The Cloud Riders: My Eighth Novel

Yesterday was the official book birthday of The Night Girl. Electronic copies officially went live on Amazon Kindle, and paperback copies should be available to better independent bookstores soon. If you want to order a paperback copy, go to your local indie bookstore and tell them to order The Night Girl, by James Bow, with the ISBN of 978-1942111634.

And if you like what you read, please say so. Leave a review on Goodreads or on Amazon, so that others can hear about this book and read it too.

Anyway, since restarting this blog after a long hiatus, it has been nothing but Night Girl, and I thought I'd change things up a bit by talking about other writing things that happened while I was blog-silent. The biggest news is that I have finished a second draft of my eighth novel, The Cloud Riders.

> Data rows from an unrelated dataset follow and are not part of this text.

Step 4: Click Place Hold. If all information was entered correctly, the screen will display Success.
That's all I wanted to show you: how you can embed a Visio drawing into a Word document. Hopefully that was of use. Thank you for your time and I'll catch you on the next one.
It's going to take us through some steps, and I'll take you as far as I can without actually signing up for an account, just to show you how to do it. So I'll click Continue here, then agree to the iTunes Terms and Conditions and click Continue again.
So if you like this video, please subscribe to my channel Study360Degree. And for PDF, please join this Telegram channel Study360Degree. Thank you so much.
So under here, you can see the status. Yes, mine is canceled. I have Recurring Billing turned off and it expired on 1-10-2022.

Cloud-riders-Pulp-O-Mizer_Cover_Image.jpgI actually finished a draft of this story back in March and then, after initial feedback, revised it to fine-tune the culture clash and provide a more satisfying resolution. The third draft has been finished (barring tweaking) since July.

The Cloud Riders takes place in the same universe as The Sun Runners where, in the early part of the 24th century, problems with the Earth's ecology from climate change catch up to and overwhelms the technology that has kept Earth amenable to human civilization. The Earth collapses hard, leaving the colonies on the solar system's inner planets basically on their own. Mercury (in The Sun Runners) is nowhere near self-sufficient when it comes to food, so they face starvation. Venus and Mars, which have the benefit of robot shuttles to maintain a modicum of trade, fare slightly better.

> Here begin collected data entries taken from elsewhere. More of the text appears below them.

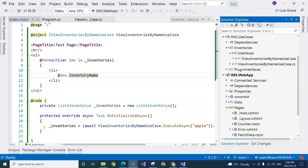In this video, we are going to talk about page components, and then we can use the page component concept to create an inventory list page.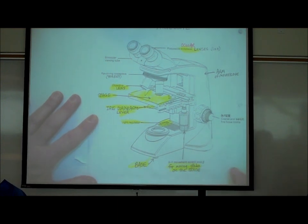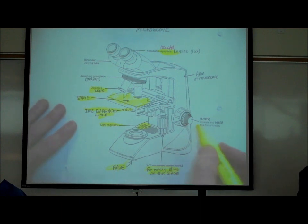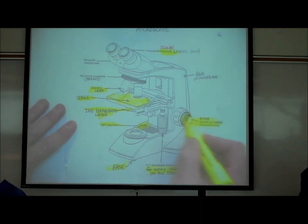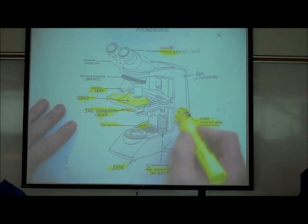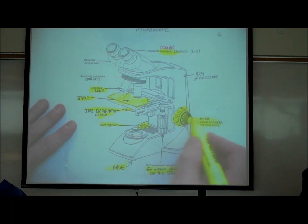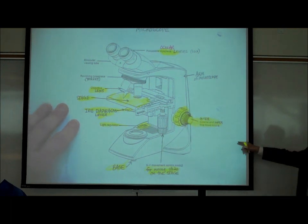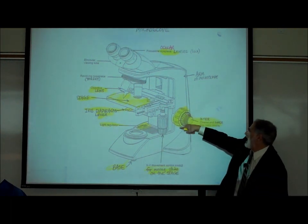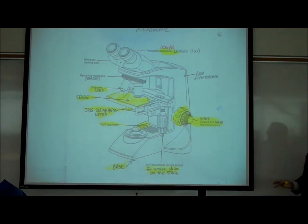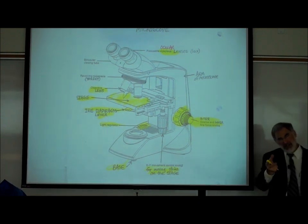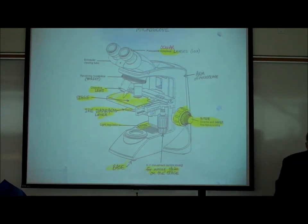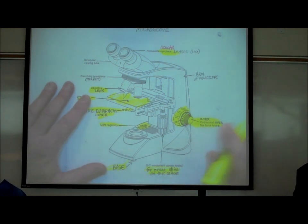The focusing knobs are right here. There's an outer coarse focusing knob for gross or general focusing, and an inner fine focusing knob for fine tuning.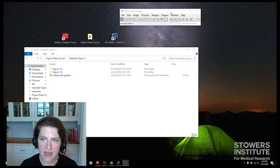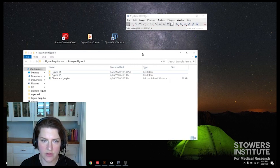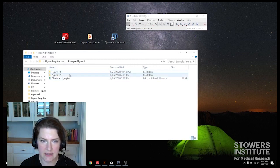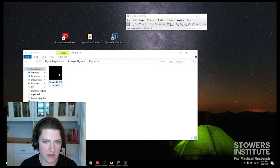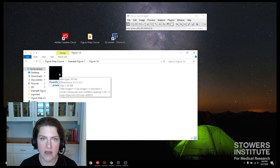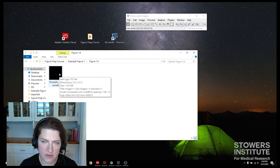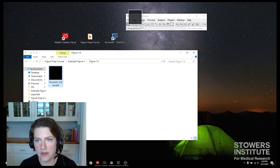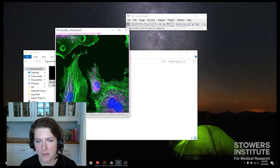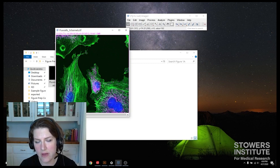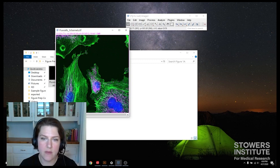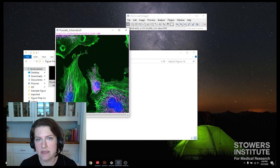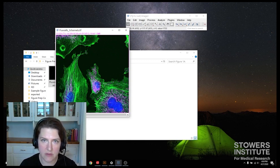So I already have Fiji open here, and I also have my folder open with my data in it. My figure 1a is just going to be one image figure. We're going to have individual channels and then the merge. So I'm going to open that. Here's my three-channel image. So I want to do grayscale images of my green and magenta channels, and then we're going to have a merge that also includes the DAPI. I've used magenta instead of red because that is more accessible to people with colorblindness, so keep that in mind when you're setting yours up.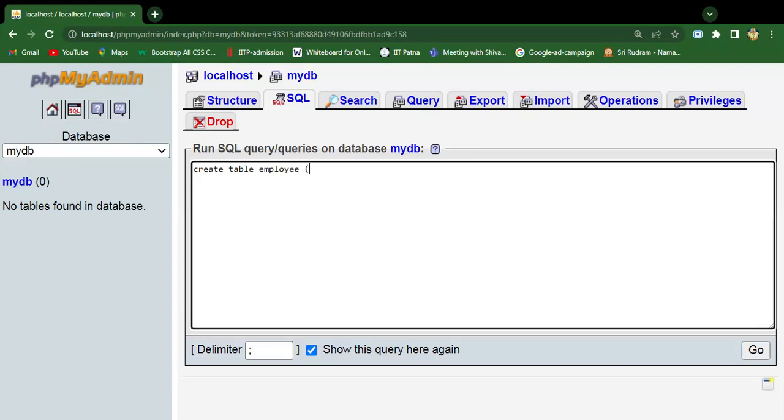Inside the bracket we need to mention the number of columns. The first one is ecode, that is employee code, then the data type is varchar. It's a string type. Inside the bracket, mention the size or length of that particular column, that means up to four characters can be entered.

The Cloud Riders focuses on Samantha Dekker, a police cadet working to join the Venusian Police and Rescue Forces on one of the Uber-Zeppelins that circle the planet 55 kilometres above the surface. She has to cope with living in the shadow of her famous police commissioner father. Six years before, she'd started a pen-pal correspondence with a young man from Mars named Pandorian Anastas, and they talked throughout their teenage years before Pandorian suddenly went silent. Then, without warning, Samantha and her fellow students are forced to rescue an incoming ship that's fallen into Venus's atmosphere, and inside is none other than Pandorian.

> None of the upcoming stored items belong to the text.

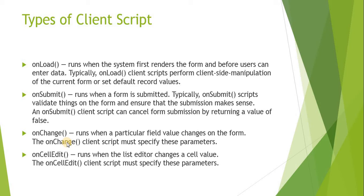Next one is onChange. onChange runs when you actually change the field value. For example, if you are making changes to the category field and the sub-category field values change accordingly, at that point of time we can use onChange to make something else change on the form. Or maybe if somebody enters the assignment group, we can make assigned to as mandatory as well.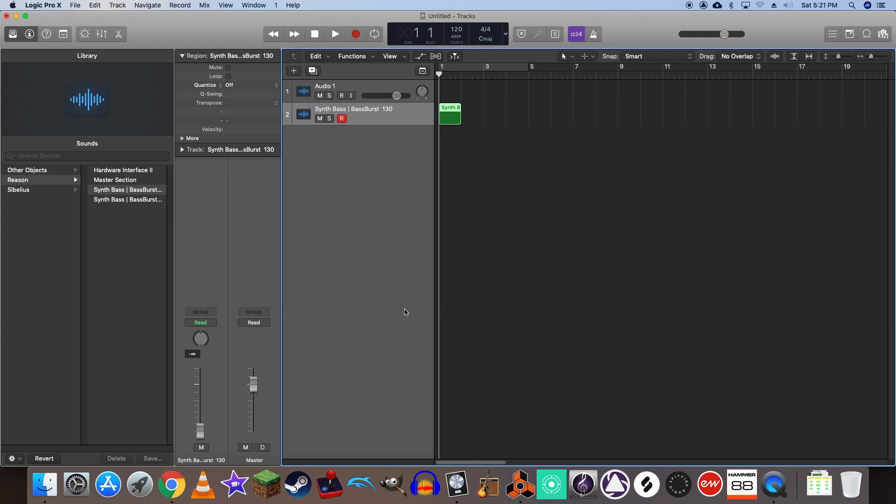Now the next thing you'll want to consider is learning how to bounce instrument tracks from Reason into Logic. The reason you'll want to start working this way is because running both applications at the same time can be quite demanding on your CPU. In the hopes of making your workflow more efficient, I'll be covering this in the next part of this tutorial series.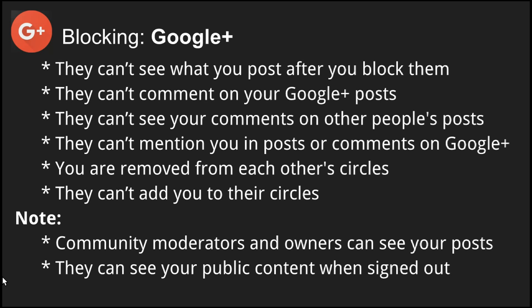When you block someone on Google Plus, they can't see what you post after you block them, they can't comment on any of your posts, they can't see your comments on other people's posts, and they can't plus mention you. Also, you are removed from each other's circles, and the person you blocked cannot re-add you to their circles.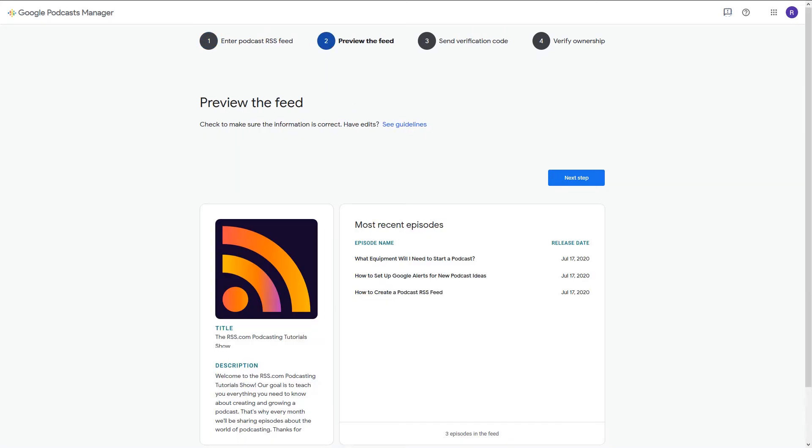Preview your RSS feed to make sure that all the information is correct. If it is, click Next Step.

The Cloud Riders is a lot more light-hearted than The Sun Runners, but I think the story tackles some interseting issues about how loyalty complicates family, friendships, and love, and the whole thing is a Country Mouse/City Mouse exploration of life on Mars and Venus when the Earth isn't around to anchor things.

It's also my longest manuscript to date, clocking in at 116,000 words -- longer even than the Sun Runners' 101,000 words, and I hope to chop that back in subsequent drafts.

In the meantime, I am engaged in rewriting The Sun Runners, and am over 45,000 words into the new draft.